La semaine dernière, le cuivre avait atteint un nouveau sommet. Mais, ce jeudi, son prix a considérablement chuté avant la clôture. D’après un analyste de CMC Markets, les matières premières industrielles ont eu une semaine difficile. C’est notamment le cas du cuivre, dont la demande aurait été impactée par la crise sanitaire, souligne-t-il.

En effet, l’apparition d’une nouvelle souche de Covid-19 continue de semer de la panique au sein des investisseurs. Il s’agit d’une variante du virus qui s’avère plus contagieuse que la précédente. Celle-ci s’est propagée au Royaume-Uni. Ainsi, les investisseurs craignent une nouvelle crise pandémique et ses effets sur l’économie.

En guise d’information, il convient de noter que le cuivre est une matière qui est utilisée dans les circuits électriques des véhicules, infrastructures ou appareils électroménagers. Ainsi, plus le monde se développe, plus sa demande augmente. Ce jeudi, la tonne s’échangeait à 7.786,50 dollars vers 14 h 25 GMT.

 

L’or reste stable

La semaine de négociations qui vient de s’achever a été bien mouvementée pour l’or. D’abord, le métal jaune a connu une forte hausse ce lundi, il a ensuite baissé en cours de semaine, avant de retrouver son niveau de fermeture de la semaine écoulée.

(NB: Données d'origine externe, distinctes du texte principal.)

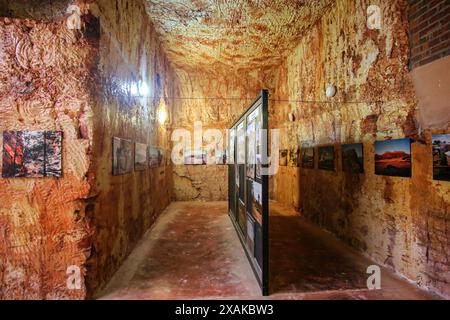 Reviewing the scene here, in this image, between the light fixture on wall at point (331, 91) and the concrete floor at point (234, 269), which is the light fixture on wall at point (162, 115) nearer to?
the concrete floor at point (234, 269)

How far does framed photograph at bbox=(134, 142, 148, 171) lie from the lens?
4.57 metres

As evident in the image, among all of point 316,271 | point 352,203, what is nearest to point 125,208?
point 316,271

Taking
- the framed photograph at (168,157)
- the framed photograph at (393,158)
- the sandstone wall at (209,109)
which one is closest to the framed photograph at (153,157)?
the framed photograph at (168,157)

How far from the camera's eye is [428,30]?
3016 millimetres

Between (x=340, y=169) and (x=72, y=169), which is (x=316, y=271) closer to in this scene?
(x=340, y=169)

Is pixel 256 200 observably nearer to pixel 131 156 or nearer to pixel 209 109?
pixel 131 156

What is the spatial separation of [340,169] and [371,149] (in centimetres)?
98

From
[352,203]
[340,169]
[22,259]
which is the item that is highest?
[340,169]

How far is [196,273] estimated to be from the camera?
3502 millimetres

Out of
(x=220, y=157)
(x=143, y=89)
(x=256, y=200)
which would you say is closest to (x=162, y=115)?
(x=143, y=89)

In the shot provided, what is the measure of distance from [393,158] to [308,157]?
114 inches

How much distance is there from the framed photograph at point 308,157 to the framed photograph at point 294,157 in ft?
1.43

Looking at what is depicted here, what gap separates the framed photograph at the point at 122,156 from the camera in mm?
3516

Autrement dit, l’or s’échangeait à 1.881,35 dollars à la clôture du vendredi 18 décembre. En revanche, ce jeudi, son prix tournait encore autour des 1.870,50 dollars à la clôture. Selon Edward Moya, analyste chez Oanda, tant que les investisseurs n’auront pas une vision claire de la situation au niveau du plan de relance américain, les prix ne sont pas susceptibles de bouger.

En réalité, il est vrai que les élus américains ont finalement trouvé un terrain d’entente sur un plan de soutien à l’économie de 900 milliards de dollars. Cependant, le président actuel des États-Unis, Donald Trump, s’y est opposé et refuse de le signer.

 

Le sucre sauve la mise

Au cours de cette semaine, le prix du sucre a progressé. En réalité, la canne à sucre est utilisée non seulement pour la production du sucre, mais aussi pour être transformée en éthanol. Elle pousse au Brésil et fait du pays son premier producteur.

Par ailleurs, lorsque la demande du pétrole chute, celle d’éthanol recule aussi. En ce moment, les raffineries produisent du sucre en attendant que le marché d’éthanol soit de nouveau favorable. Cela a d’ailleurs été le cas depuis le début de la pandémie du Covid-19.

En revanche, lorsque l’offre est forte, la demande l’est également. D’après les chiffres publiés par les douanes chinoises, la Chine a importé deux fois plus de sucre en novembre qu’en octobre.

Du côté de Londres, la tonne de SUCRE BLANC (pour livraison mars 2021), coûtait 408,60 dollars le vendredi 18 décembre, contre 398,30 dollars le vendredi qui a précédé. À New York, le prix du sucre a aussi augmenté sur la même période.